- [TASK DETAILS] Below, find the line containing "Trio In E-Moll, Op." and the line containing "NORTON 360 FOR"; reproduce exactly those two and every line between them, omitting pictures.

- [WORKING DATA]
□ □ □ □
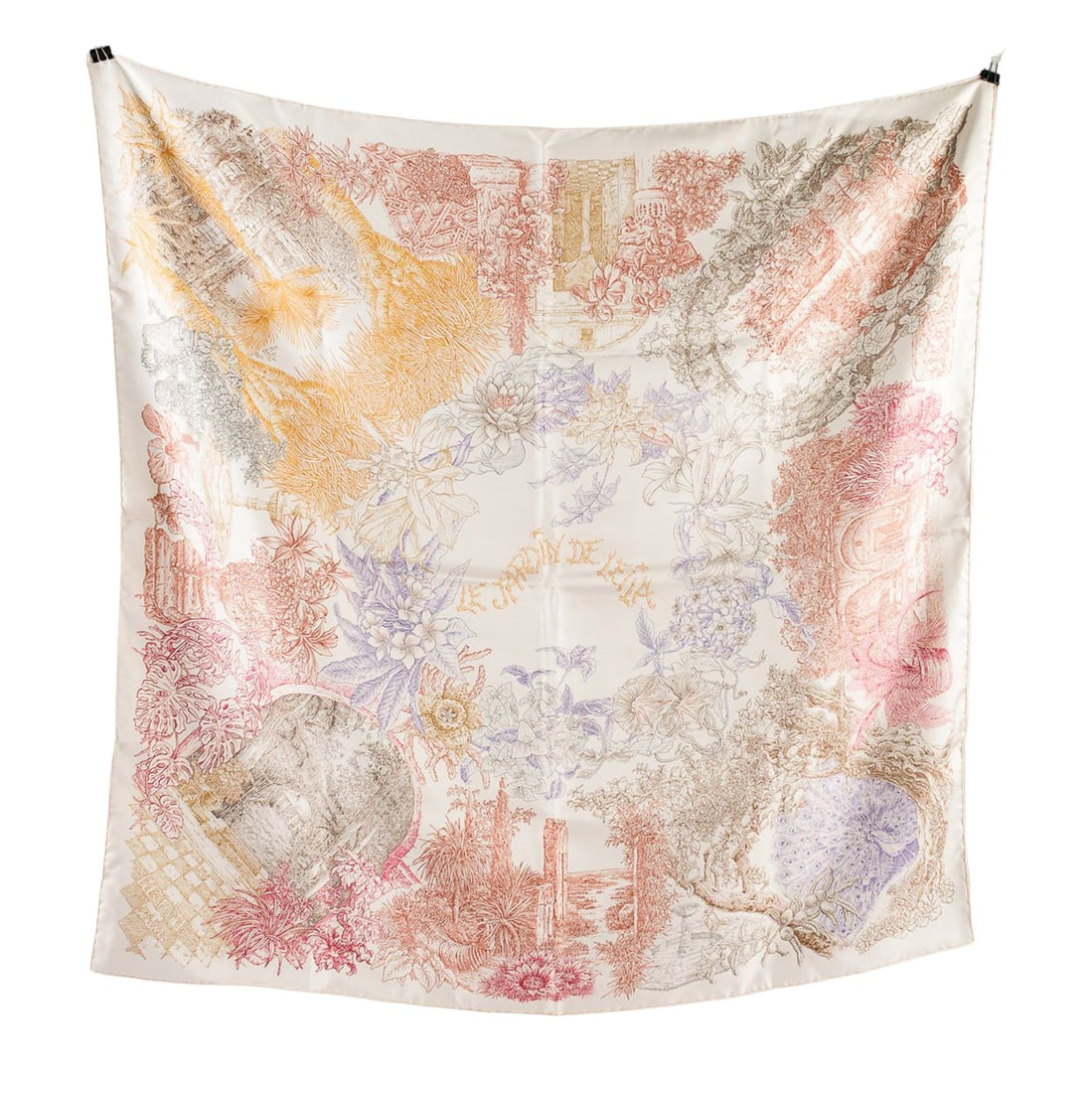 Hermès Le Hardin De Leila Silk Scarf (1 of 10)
□ □ □ □
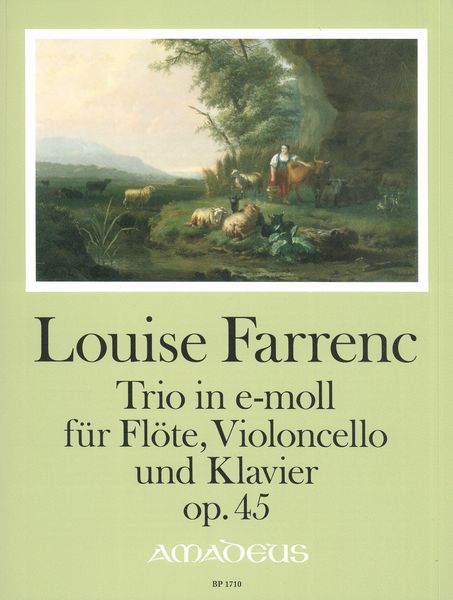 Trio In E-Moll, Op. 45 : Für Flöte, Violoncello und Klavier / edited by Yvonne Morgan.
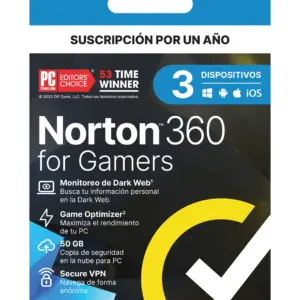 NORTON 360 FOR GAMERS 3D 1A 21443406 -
□ □ □ □
- [REPLY TO THE EXERCISE]
 Trio In E-Moll, Op. 45 : Für Flöte, Violoncello und Klavier / edited by Yvonne Morgan.
 NORTON 360 FOR GAMERS 3D 1A 21443406 -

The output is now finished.